Kids have so little ability to choose and shape their environment. As adults, many of us find jobs that draw on our strengths and minimize the destruction caused by our weaknesses. We find partners who can handle the tasks we can't. When we don't.... well, then you have blackcat's example - and, as a for instance, the vast number of other Americans who can't dig themselves out of unmanageable debt loads. I would speculate that gifted adults may have a distinct advantage over most low-EF people, in often having access to a much wider array of career choices and far more ability to mould our environments to meet our own particular needs.

Warning: soapbox..... This is also why I get so frustrated by teachers and family members who constantly dismiss DS's learning needs by insisting that "He MUST learn to get along in the real world." Well, actually, mostly, no. I am quite confident that the moment he is allowed to escape his public school box, he will put himself into a reality of his own choosing - and it will NOT involve spending all day every day trapped in a room with people with whom he has no shared interests, listening to a one-way drone of highly linear, repetitive, shallow and slow-moving information about things he knew years ago and don't interest him even vaguely.
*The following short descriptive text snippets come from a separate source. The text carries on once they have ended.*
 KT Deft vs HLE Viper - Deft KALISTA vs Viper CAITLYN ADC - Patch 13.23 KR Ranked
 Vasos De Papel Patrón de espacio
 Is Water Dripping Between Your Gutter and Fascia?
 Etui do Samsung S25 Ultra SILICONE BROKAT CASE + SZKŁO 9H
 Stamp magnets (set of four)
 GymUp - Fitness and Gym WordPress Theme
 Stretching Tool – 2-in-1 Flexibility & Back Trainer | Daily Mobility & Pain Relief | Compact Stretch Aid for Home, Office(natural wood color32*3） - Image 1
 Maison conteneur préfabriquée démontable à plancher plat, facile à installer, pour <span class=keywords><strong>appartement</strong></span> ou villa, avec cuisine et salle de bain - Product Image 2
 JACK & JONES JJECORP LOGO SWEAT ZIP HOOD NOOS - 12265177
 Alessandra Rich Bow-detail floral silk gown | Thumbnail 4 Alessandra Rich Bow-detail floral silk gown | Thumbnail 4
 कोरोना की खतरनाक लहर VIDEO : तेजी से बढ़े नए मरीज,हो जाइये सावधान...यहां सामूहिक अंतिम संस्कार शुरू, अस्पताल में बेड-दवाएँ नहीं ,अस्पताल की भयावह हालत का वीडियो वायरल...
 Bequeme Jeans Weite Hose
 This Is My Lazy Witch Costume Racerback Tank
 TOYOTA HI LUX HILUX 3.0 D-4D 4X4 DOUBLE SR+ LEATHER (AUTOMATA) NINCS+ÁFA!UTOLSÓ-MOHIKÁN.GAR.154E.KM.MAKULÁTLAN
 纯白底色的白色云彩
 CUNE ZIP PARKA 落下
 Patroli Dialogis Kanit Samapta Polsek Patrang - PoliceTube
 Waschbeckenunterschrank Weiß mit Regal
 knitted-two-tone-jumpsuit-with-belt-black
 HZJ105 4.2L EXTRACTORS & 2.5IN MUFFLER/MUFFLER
Your reality, lady, not his.

Unfortunately, if he spends all his time learning to cope with *their* reality, he will be utterly unprepared to take advantage of eventual opportunities to create his own - opportunities that require him to still be excited about learning, to see joy in math, to be able to persevere in hard problems and not collapse with anxiety and avoid everything that isn't easy.... All the stuff I beg and beg them to allow him to be able to do, but which I'm always told are special treatment that would keep him from "learning to get along in the real world."